For the past several days I’ve been trying to convince myself that I don’t need him; telling myself that I’m fine without him and that there are other men out there that can make me as happy as he did; however, my experiences over the weekend have pointed my thoughts in another direction…
I took a little trip to a few lounges over the weekend and was reminded of how many idiots are out there. I won’t lie and say that I didn’t somewhat enjoy men pursuing me and showing me attention – it provided with a much needed ego boost. However, just about every one of them followed a compliment with something completely inappropriate like, “Damn girl, where did you get all that ass”, or “I gotta piss like a race horse”, or “You look good as shit, why are you standing here are alone”…which 9 times out of ten was followed by an unwarranted physical gesture of some sort; i.e. touching my shoulder and/or arm.
I have no desire to date again, I didn’t want to date when I met “Southern Gentleman”; he just kind of fell into my life the right time in the way that I needed in order for me to be vulnerable. I cannot imagine opening m y heart to someone else the way that I have with him. I can’t imagine another person more deserving of my love and kindness… certainly not any of the fools I met over the weekend.
Having those aforementioned experiences over the weekend reminded me of how wonderful he is. Clearly he has some qualities that I prefer he didn’t… but nobody is perfect. Whatever his drawbacks are, I feel that he has what I need in a man in order to be truly happy and I feel like I possess those same qualities for him. I’ve never been so connected with anyone and I don’t want to lose that.
He made massive mistakes before me, I can’t bring myself to continue to prosecute him for things he did prior to our relationship; and I can’t keep wishing that I wasn’t going through this, and that he could just go back and remediate his mistake because it’s not possible. I need to decide if I can deal with this or not… and everyday my mind changes.
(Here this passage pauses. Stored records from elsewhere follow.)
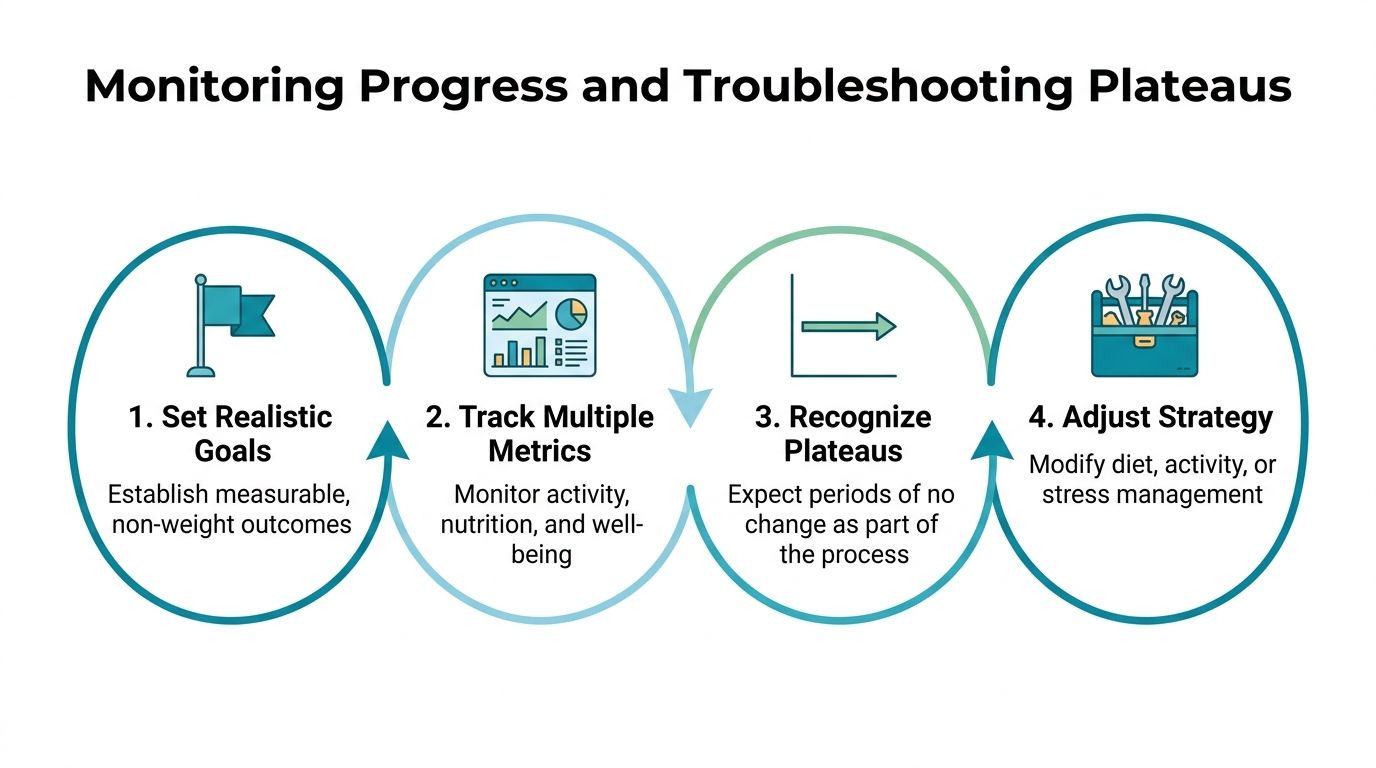 A four-step infographic showing how to monitor progress and troubleshoot weight loss plateaus effectively.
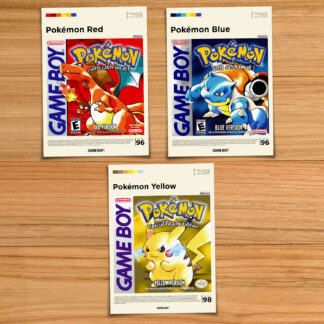 Pokemon Gen 1 poster set, including Pokemon Red, Blue and Yellow on a wood table background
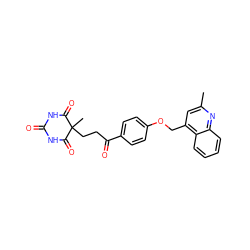 Cc1cc(COc2ccc(C(=O)CCC3(C)C(=O)NC(=O)NC3=O)cc2)c2ccccc2n1 ZINC000028892520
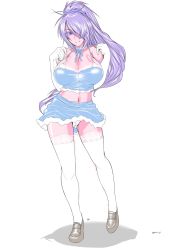 Rule 34 | 00s, 1girl, breasts, cleavage, distance, elbow gloves, female focus, gloves, hair over one eye, ikkitousen, kan&#039;u unchou, large breasts, loafers, looking at viewer, midriff, navel, panties, ponytail, purple eyes, purple hair, shiny skin, shoes, simple background, smile, solo, thighhighs, underwear, white background, white gloves, white panties, white thighhighs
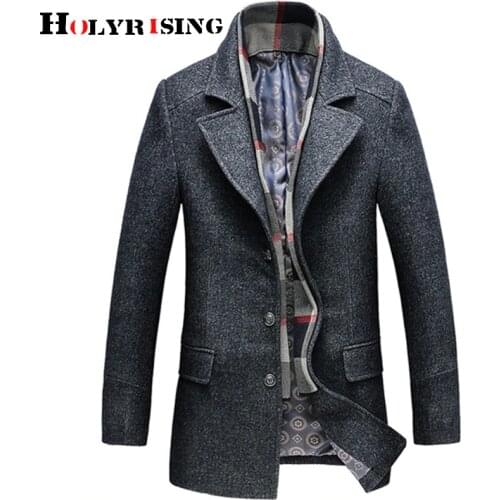Men Wool Coats Autumn Winter Casual Thick Warm Jackets Single Button Outwear Mens Jackets And Coats Solid Coffee Gray M-3XL
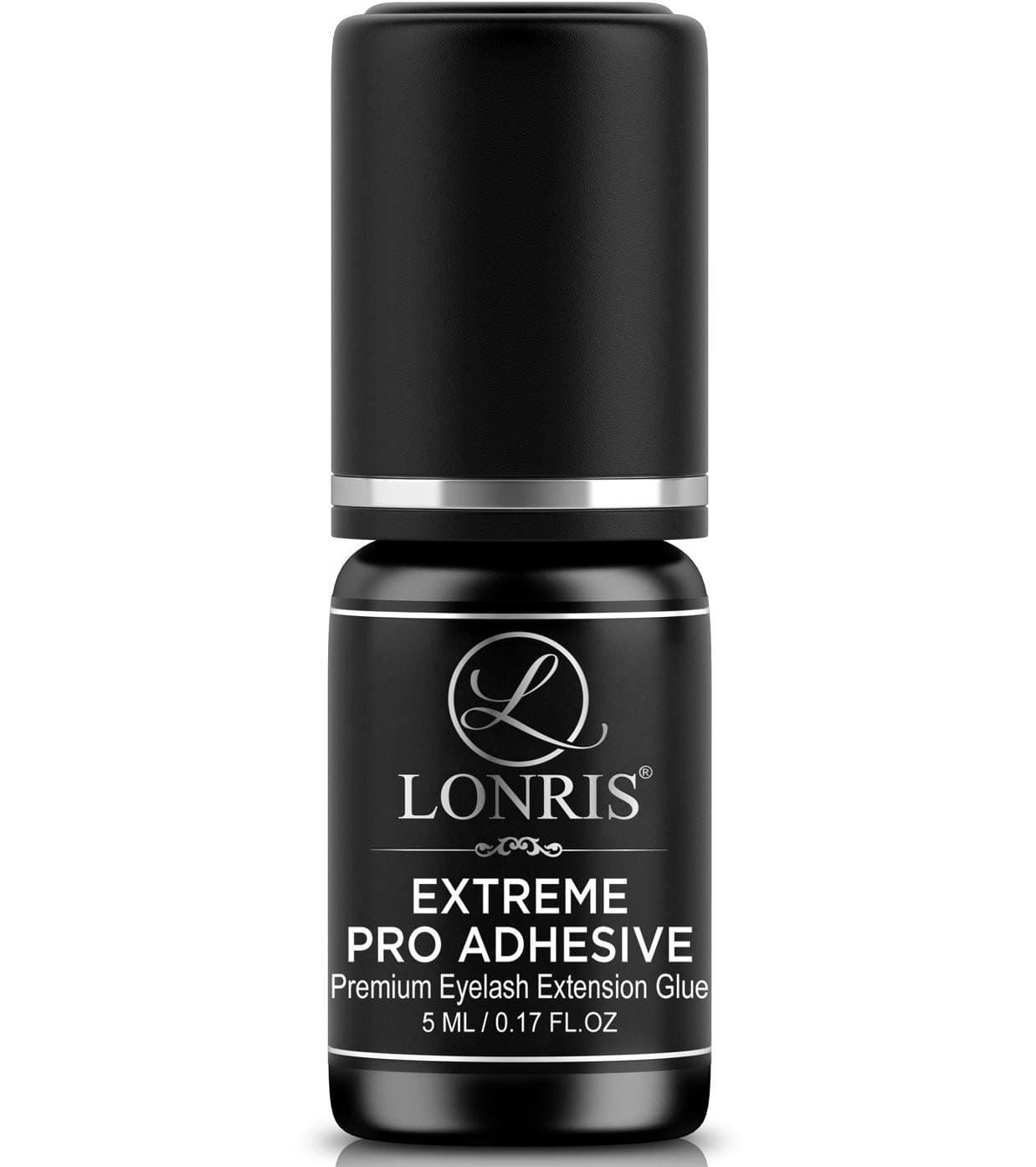 7-8 weeks Retention/ 2D-6D Russian Volume Eyelash Extension Glue/Extreme Pro Adhesive LONRIS Lash 5 ml/ 1 Sec Drying time/Maximum Bonding/Semi-Permanent Supplies/Professional Use Only Black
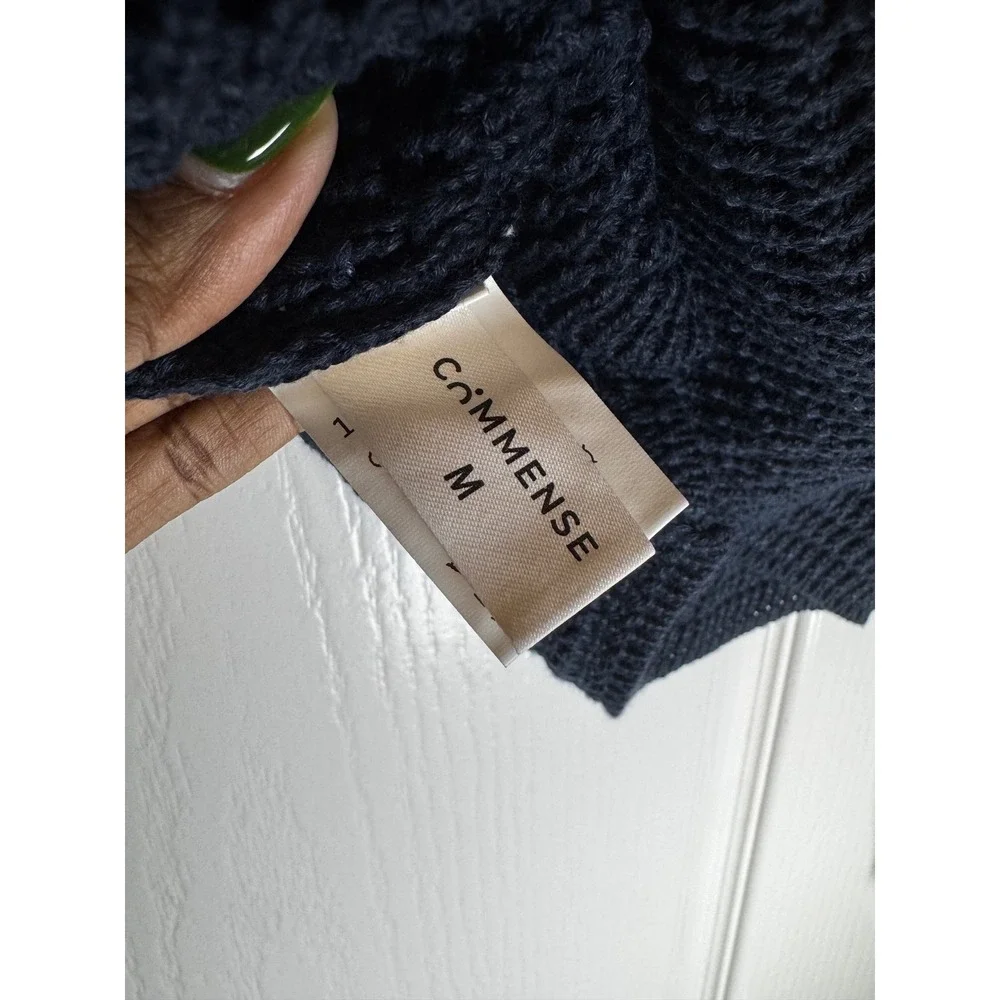 Commense Navy Blue Crochet Knit Asymmetrical Button Off Shoulder Cardiga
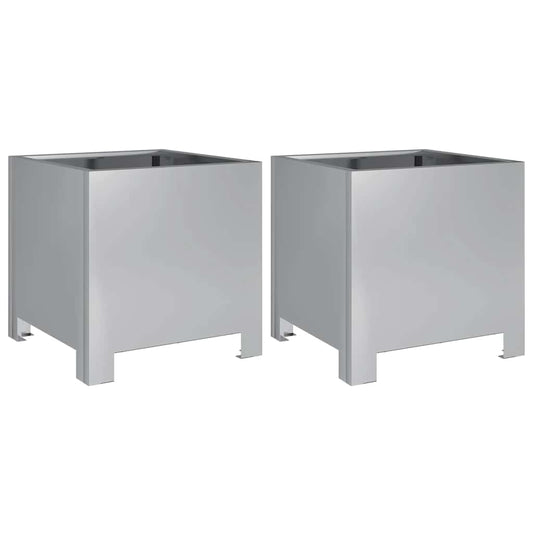Garden Planters 2 pcs 30x30x30 cm Galvanised Steel
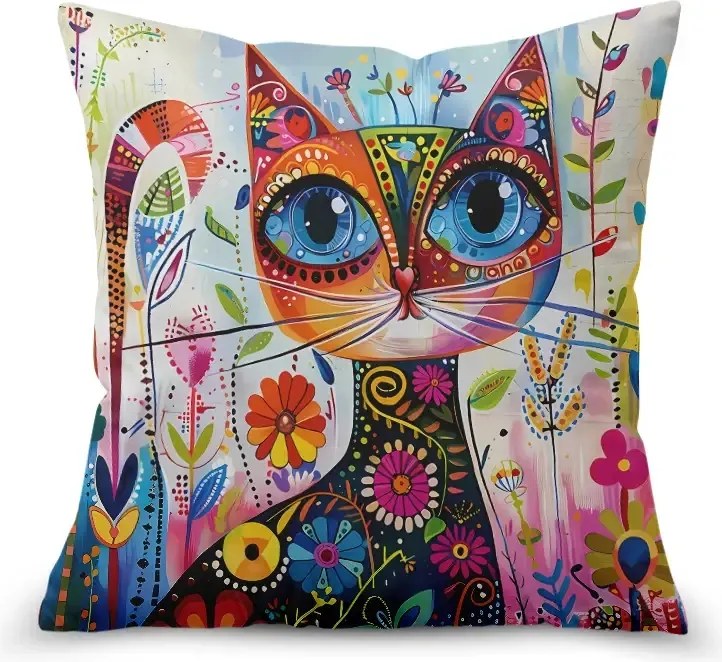 Párnahuzat 45x45 színes macska puha flanel boho eklektikus cica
I’m not afraid to be alone, and I don’t think I will be hopeless and miserable without him. I know how to make myself happy; and I know only a fool looks to someone else to give their life purpose and fulfillment – I don’t need him for any of that. I don’t need him at all, but I want him. And I could go on with my life, and be successful and happy without him, but I don’t want to. I want him there… I want him here.